- [REQUIRED WORK] The entries contain pictures, which should not appear in the copy; everything else must be reproduced exactly.
+++ RECORDS FOR THIS TASK +++
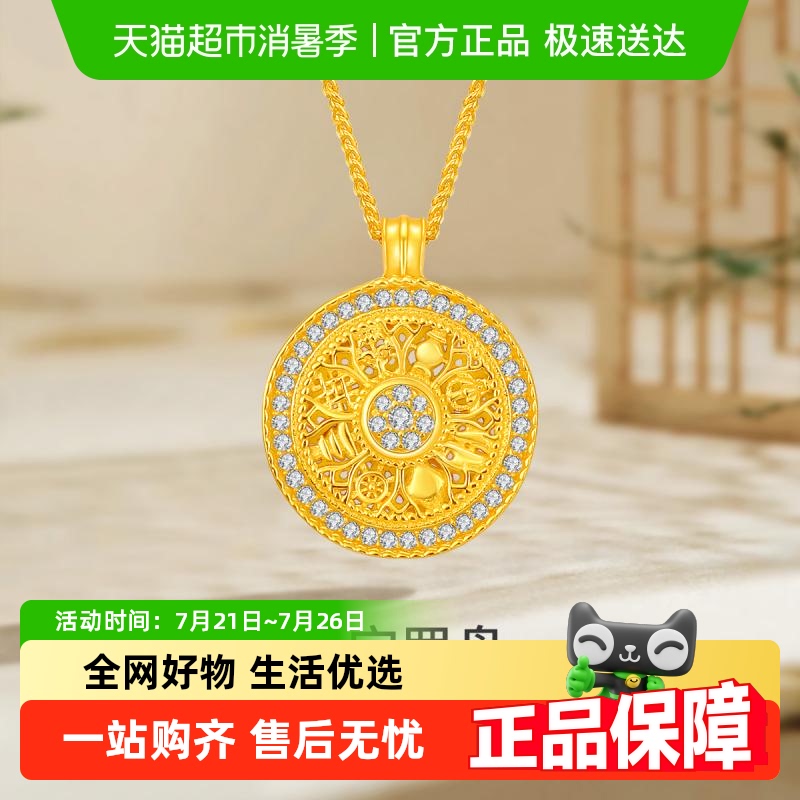 梦金园八宝罗盘几何双面银项链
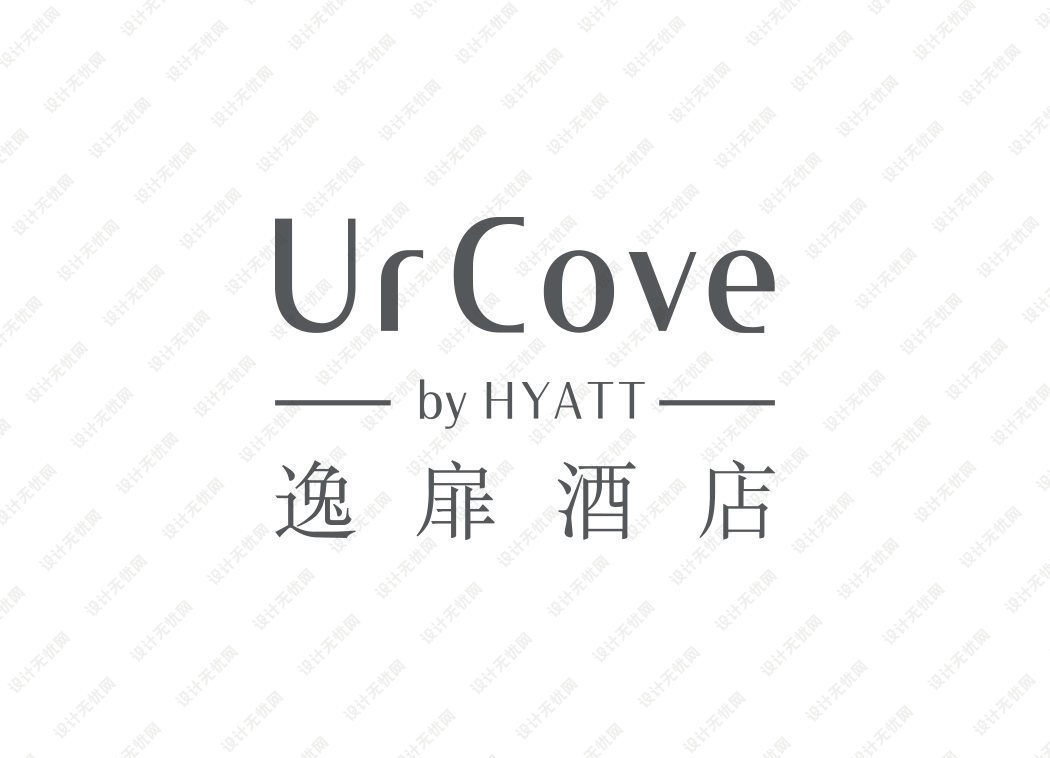 UrCove逸扉酒店logo矢量标志素材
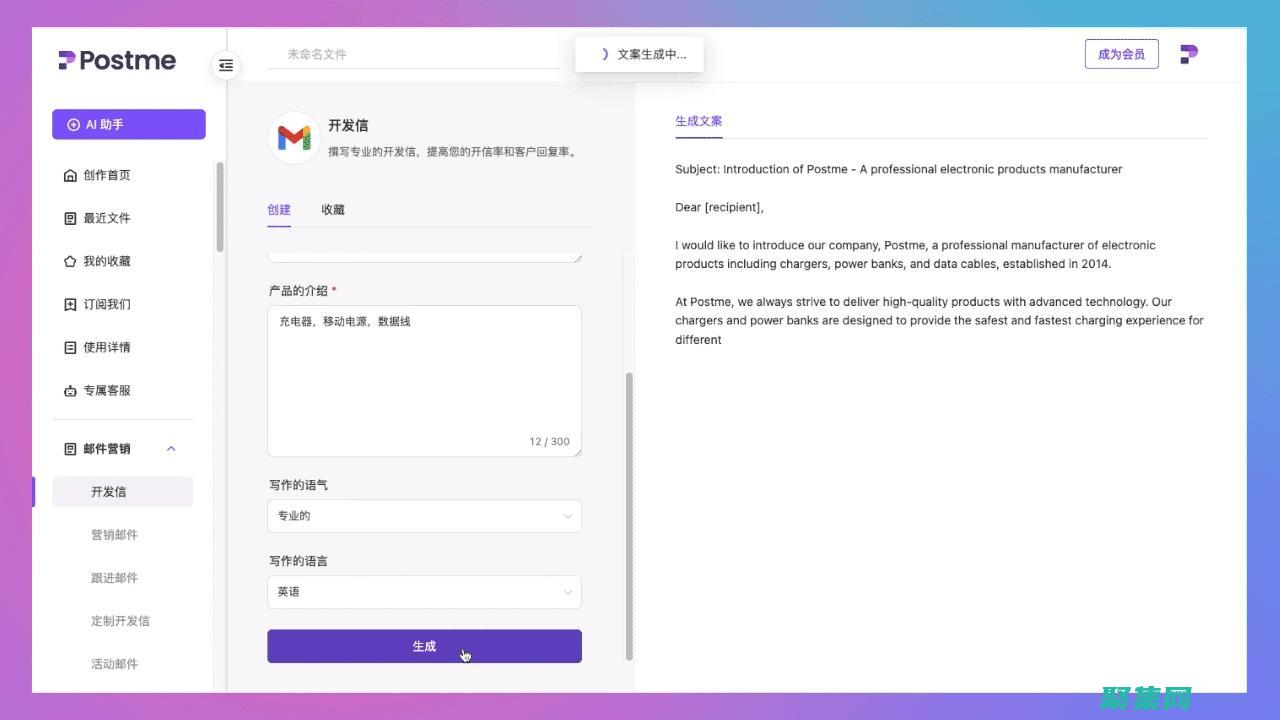 postMessage() API：postMessage() API允許不同域的窗口之間發送消息。這是一種更現代的方法，但需要在嵌入式內容和宿主頁面之間進行通信。 (postmen)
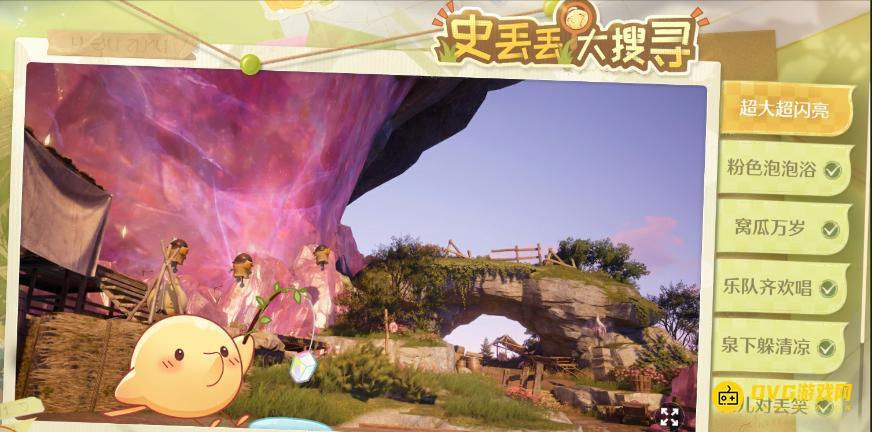 超大超闪亮史丢丢大搜寻位置图解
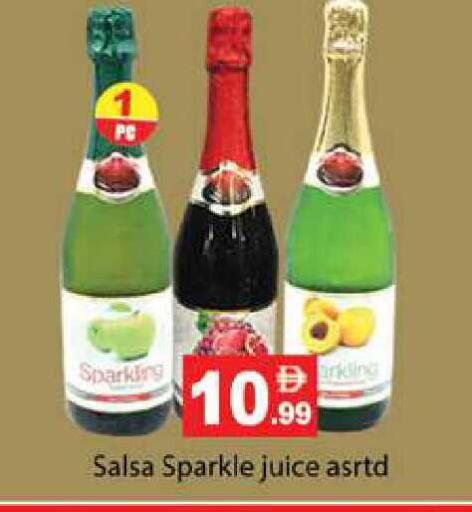 available at Zain Mart Supermarket in UAE - Ras al Khaimah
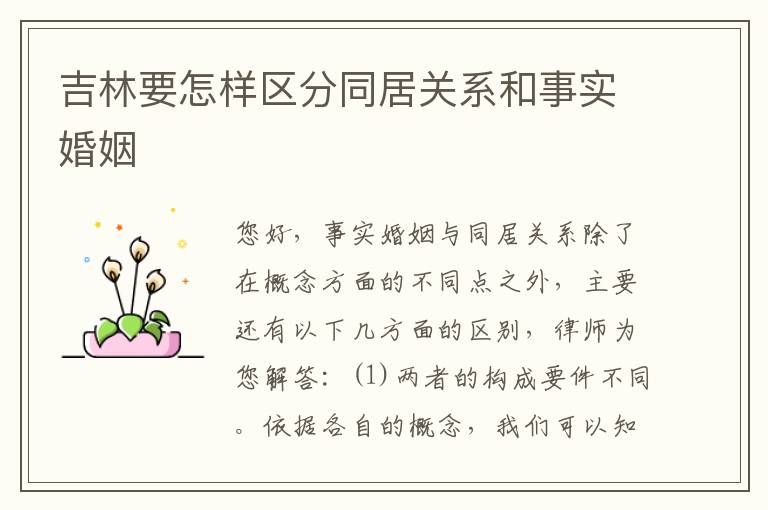 吉林要怎样区分同居关系和事实婚姻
+++
- [ANSWER BOX]
 梦金园八宝罗盘几何双面银项链
 UrCove逸扉酒店logo矢量标志素材
 postMessage() API：postMessage() API允許不同域的窗口之間發送消息。這是一種更現代的方法，但需要在嵌入式內容和宿主頁面之間進行通信。 (postmen)
 超大超闪亮史丢丢大搜寻位置图解
 available at Zain Mart Supermarket in UAE - Ras al Khaimah
 吉林要怎样区分同居关系和事实婚姻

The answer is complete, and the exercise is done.